Well he's already conceeded people will die, and he's letting people get infected in order to develop immunity. I think this plan is flawed because we don't even know if letting people get it will actually make them immune.

That's an extremely scary factor, Is there factual evidence that immunity is guranteed because if that is not the case 10000s in the UK will die for little to no reason apart from keeping the economy running for a few more days.
Of little surprise with this government though.
 
The Lancet is one of the most respected, long running Medical journals out there, right?

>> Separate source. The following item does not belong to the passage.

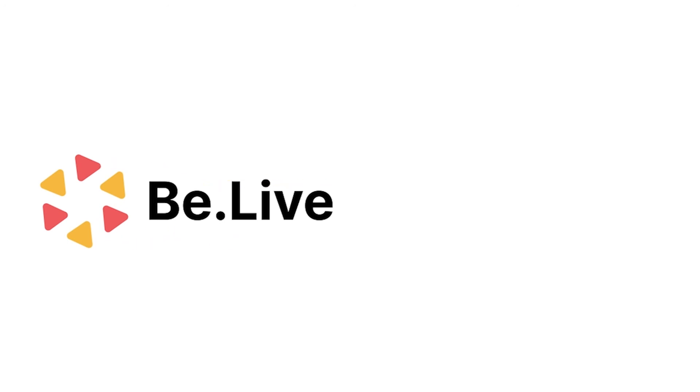Enjoy broadcasting with BeLive! We'll see you next time!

Really surprised more people aren't talking about these comments from them! Very telling comments from their Editor.

Ive very limited knowledge but from everything I've heard thus far, Lancet seems very respected. Make of that what you will.
 
All elite football in England has been suspended until at least 3 April as a result of the spread of coronavirus.

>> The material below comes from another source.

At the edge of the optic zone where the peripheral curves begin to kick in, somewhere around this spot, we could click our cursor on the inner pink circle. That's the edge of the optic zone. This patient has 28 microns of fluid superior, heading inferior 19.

All Premier League games, EFL fixtures and matches in the FA Women's Super League and Women's Championship have been postponed.
 
Every few years there seems another: SARS, Ebola, MERS, H1N1, COVID-19. Growing strains of antibiotic resistant bacteria. Are we in the twilight of a century of medicine’s great triumph over infectious disease?

Viruses can't be treated with antibiotics.
 
Every few years there seems another: SARS, Ebola, MERS, H1N1, COVID-19. Growing strains of antibiotic resistant bacteria. Are we in the twilight of a century of medicine’s great triumph over infectious disease?
Pretty sure this is viral not bacterial, so anti-bitotics wouldn't have helped.
 
The Lancet is one of the most respected, long running Medical journals out there, right?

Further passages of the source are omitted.